Exactly as written, return every line of the data below apart from the pictures.

PROVIDED MATERIAL —
********************
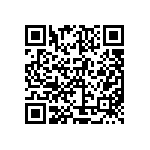 8N3DV85FC-0124CDI8 QRCode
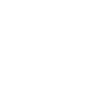 Frère du patch Style d’Halloween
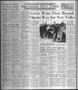 Newspaper: Oklahoma City Times (Oklahoma City, Okla.), Vol. 57, No. 90, Ed. 3 Mo…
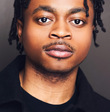Eric Ruffin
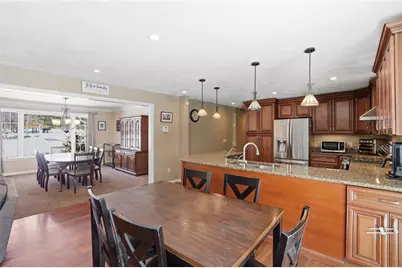244 Beechwood Drive, Cranston, RI 02921 - Photo 9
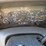 1999-ford-f350-image-21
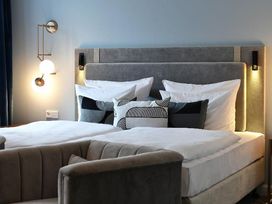 7 Tage in der Kulturstadt Weimar 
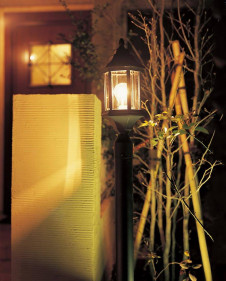 ODELIC �����ǥ�å� OG043342 OG043342 �������ƥꥢ�饤�� ��Ǯ�� ���ꥢ�ŵ�  �������ƥꥢ �������ƥꥢ�饤�� �ݡ���饤�� ��Ǯ��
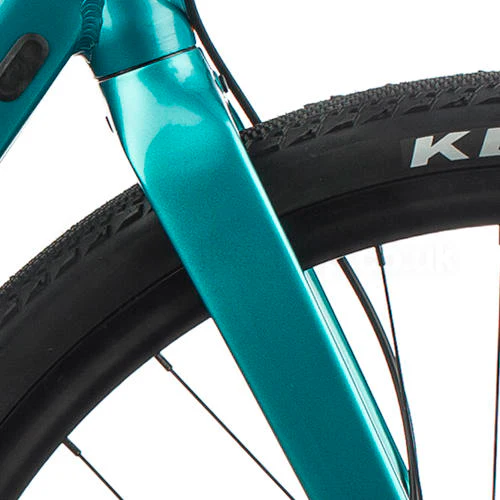 Orbea Gain D31 Alloy Electric Cyclocross Bike 2020 - Image 10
********************
RESPONSE TO THIS TASK —
 8N3DV85FC-0124CDI8 QRCode
 Frère du patch Style d’Halloween
 Newspaper: Oklahoma City Times (Oklahoma City, Okla.), Vol. 57, No. 90, Ed. 3 Mo…
Eric Ruffin
244 Beechwood Drive, Cranston, RI 02921 - Photo 9
 1999-ford-f350-image-21
 7 Tage in der Kulturstadt Weimar 
 ODELIC �����ǥ�å� OG043342 OG043342 �������ƥꥢ�饤�� ��Ǯ�� ���ꥢ�ŵ�  �������ƥꥢ �������ƥꥢ�饤�� �ݡ���饤�� ��Ǯ��
 Orbea Gain D31 Alloy Electric Cyclocross Bike 2020 - Image 10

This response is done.